# MATERIALS PROVIDED:
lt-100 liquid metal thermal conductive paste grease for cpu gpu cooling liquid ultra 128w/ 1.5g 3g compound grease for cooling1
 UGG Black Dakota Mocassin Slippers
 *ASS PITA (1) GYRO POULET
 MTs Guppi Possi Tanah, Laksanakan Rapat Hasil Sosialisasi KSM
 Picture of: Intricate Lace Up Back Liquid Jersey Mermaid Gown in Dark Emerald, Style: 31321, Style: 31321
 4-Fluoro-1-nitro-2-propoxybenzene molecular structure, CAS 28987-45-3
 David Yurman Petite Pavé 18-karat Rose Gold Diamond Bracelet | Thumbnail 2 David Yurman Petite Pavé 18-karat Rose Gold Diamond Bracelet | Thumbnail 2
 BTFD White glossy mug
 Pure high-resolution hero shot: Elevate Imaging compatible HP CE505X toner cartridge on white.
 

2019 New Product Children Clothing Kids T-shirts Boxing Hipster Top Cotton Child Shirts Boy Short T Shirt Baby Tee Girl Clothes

# TASK ITEM:
Go through the listing and print each line exactly as it appears.

# FINISHED TASK:
lt-100 liquid metal thermal conductive paste grease for cpu gpu cooling liquid ultra 128w/ 1.5g 3g compound grease for cooling1
 UGG Black Dakota Mocassin Slippers
 *ASS PITA (1) GYRO POULET
 MTs Guppi Possi Tanah, Laksanakan Rapat Hasil Sosialisasi KSM
 Picture of: Intricate Lace Up Back Liquid Jersey Mermaid Gown in Dark Emerald, Style: 31321, Style: 31321
 4-Fluoro-1-nitro-2-propoxybenzene molecular structure, CAS 28987-45-3
 David Yurman Petite Pavé 18-karat Rose Gold Diamond Bracelet | Thumbnail 2 David Yurman Petite Pavé 18-karat Rose Gold Diamond Bracelet | Thumbnail 2
 BTFD White glossy mug
 Pure high-resolution hero shot: Elevate Imaging compatible HP CE505X toner cartridge on white.
 

2019 New Product Children Clothing Kids T-shirts Boxing Hipster Top Cotton Child Shirts Boy Short T Shirt Baby Tee Girl Clothes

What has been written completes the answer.